## RECORDS FOR THE TASK
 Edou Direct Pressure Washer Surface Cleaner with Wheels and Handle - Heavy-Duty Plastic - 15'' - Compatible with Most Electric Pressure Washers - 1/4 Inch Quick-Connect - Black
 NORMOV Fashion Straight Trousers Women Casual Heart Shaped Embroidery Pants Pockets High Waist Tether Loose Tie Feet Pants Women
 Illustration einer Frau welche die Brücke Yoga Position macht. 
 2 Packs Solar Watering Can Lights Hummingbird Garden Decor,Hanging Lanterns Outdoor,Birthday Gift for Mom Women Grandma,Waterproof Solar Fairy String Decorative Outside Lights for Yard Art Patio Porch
==
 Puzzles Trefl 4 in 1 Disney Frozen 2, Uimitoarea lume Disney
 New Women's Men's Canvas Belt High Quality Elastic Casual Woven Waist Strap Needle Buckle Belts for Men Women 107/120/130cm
==
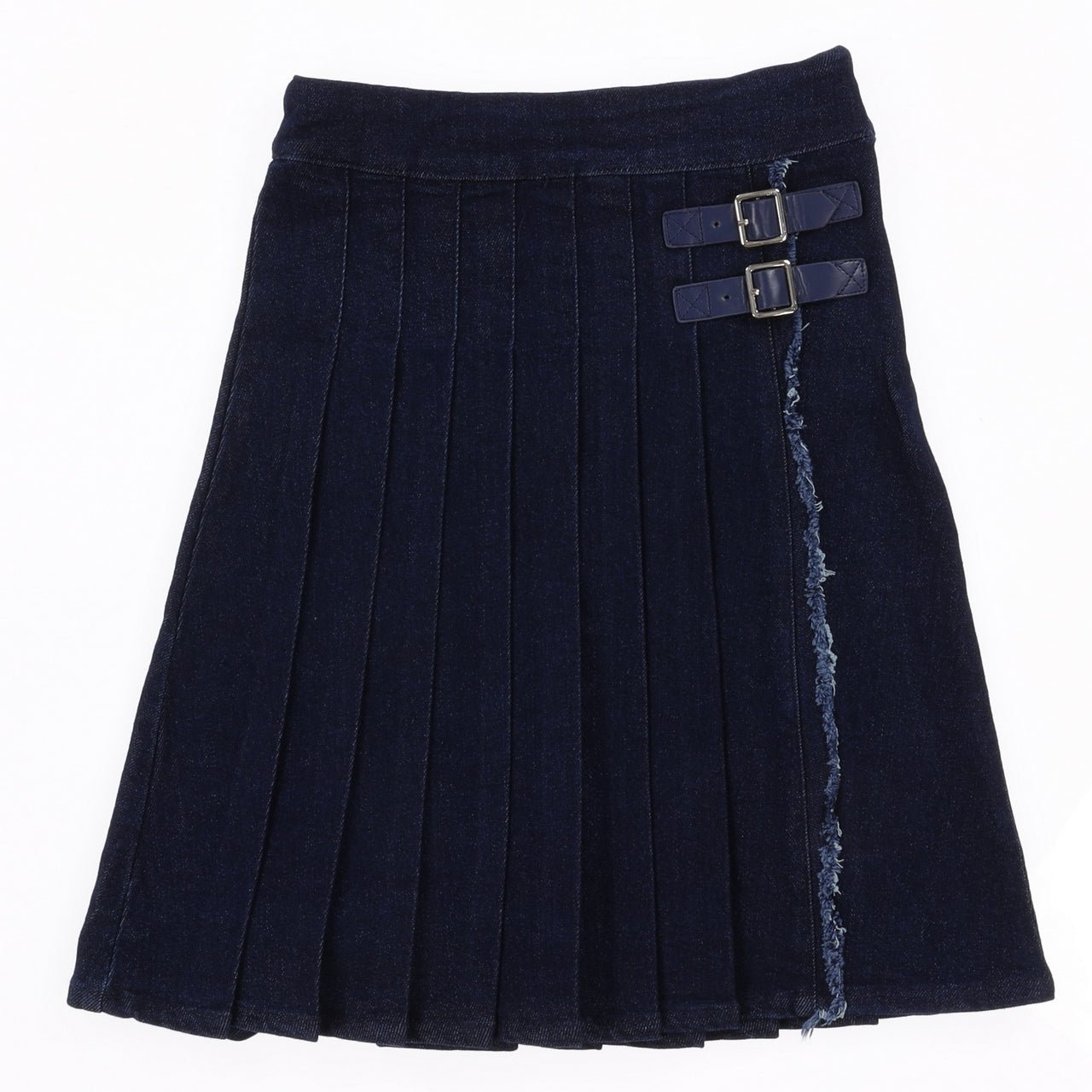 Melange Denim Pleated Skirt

## TASK ITEM
Go to the line with "Puzzles Trefl 4" in the entries above and repeat every line from there through the line with "New Women's Men's", exactly and with no other text.

## EXERCISE SOLUTION
 Puzzles Trefl 4 in 1 Disney Frozen 2, Uimitoarea lume Disney
 New Women's Men's Canvas Belt High Quality Elastic Casual Woven Waist Strap Needle Buckle Belts for Men Women 107/120/130cm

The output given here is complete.